Negli ultimi 50 anni, la vita media delle api allevate in laboratorio si è dimezzata. A dimostrarlo è uno studio pubblicato il 14 Novembre sulla rivista Scientific Reports, ad opera di due ricercatori dell’università del Maryland, negli Stati Uniti. Le cause non sono certe, tuttavia il fatto che si tratti di api – o meglio di pupe – prelevate dall’alveare appena prima che si trasformino in adulti e successivamente fatte crescere in laboratorio in condizioni controllate, sembrerebbe indicare il contributo di fattori genetici, a prescindere quindi dai noti fattori ambientali come inquinamento, utilizzo di pesticidi e cambiamento climatico, che comunque influiscono pesantemente sulla riduzione globale degli insetti impollinatori.

Lo studio

Anthony Nearman, il primo autore dello studio, stava valutando l’effetto dell’integrazione di acqua semplice nella tipica dieta a base di acqua zuccherata delle api cresciute in cattività, con l’obiettivo di imitare meglio le condizioni naturali. Durante i suoi esperimenti ha però notato che, indipendentemente dalla dieta, la durata di vita media delle sue api era la metà di quella delle api studiate in esperimenti simili risalenti agli anni ’70. Si parla, per la precisone, di 17,7 giorni oggi contro i 34,3 giorni negli anni ’70. A questa osservazione è seguita un’analisi più approfondita di studi analoghi pubblicati negli ultimi 50 anni e, raccogliendo i dati in un unico grafico che mostra come varia la durata di vita delle api con il passare degli anni, Nearman si è reso conto di come ci fosse un enorme effetto temporale.
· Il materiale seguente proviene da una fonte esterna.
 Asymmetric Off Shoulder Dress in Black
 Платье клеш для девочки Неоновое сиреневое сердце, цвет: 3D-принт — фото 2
Grazie a un modello matematico precedentemente messo a punto, gli autori dello studio hanno stimato un tasso annuale di perdita delle colonie di api pari al 33%, a partire dalla riduzione del 50% della vita media osservata. Il valore stimato è risultato essere molto simile a quelli riportati dagli apicoltori (dal 30 al 40%) negli ultimi 14 anni. Lo spopolamento degli alveari e la riduzione della vita media delle api sono infatti fenomeni studiati da tempo. Specialmente il secondo sembra aver interessato particolarmente gli apicoltori statunitensi negli ultimi decenni, causando, come è facile immaginare, una tendenza alla riduzione nella produzione di miele.

Le cause

Gli autori precisano che non si possono escludere del tutto eventuali effetti di esposizione a pesticidi o agenti patogeni durante la fase larvale, prima che le pupe vengano prelevate dall’alveare per essere poi cresciute e studiate in laboratorio. Tuttavia, aggiungono, nessuna delle api studiate ha mostrato sintomi evidenti dovuti a questo tipo di esposizioni. “Stiamo isolando le api dalla vita della colonia appena prima che emergano come adulti, quindi qualsiasi cosa stia riducendo la loro durata di vita, sta accadendo prima di quel momento”, ha dichiarato Nearman. “Questo introduce l’idea di una componente genetica. Se questa ipotesi è corretta, indica anche una possibile soluzione. Se riusciamo a isolare alcuni fattori genetici, forse possiamo allevare api da miele più longeve”.

Nell’articolo recentemente pubblicato, gli autori azzardano l’ipotesi che la riduzione della vita media della api possa essere una conseguenza indesiderata della selezione operata da parte degli apicoltori. Le colonie costituite da api che hanno vita più breve avrebbero infatti un carico di patogeni e malattie ridotto rispetto a quelle costituite da api che hanno vita più lunga. Le prime potrebbero quindi apparire più sane ed essere favorite dagli allevatori, che potrebbero involontariamente effettuare la selezione a favore di una ridotta durata di vita delle api. Al momento si tratta, tuttavia, soltanto di un’ipotesi.

Il prossimo step sarà quello di confrontare i dati provenienti da altri paesi del mondo. Eventuali differenze nella longevità potrebbero infatti aiutare a individuare i fattori che effettivamente influenzano questo fenomeno.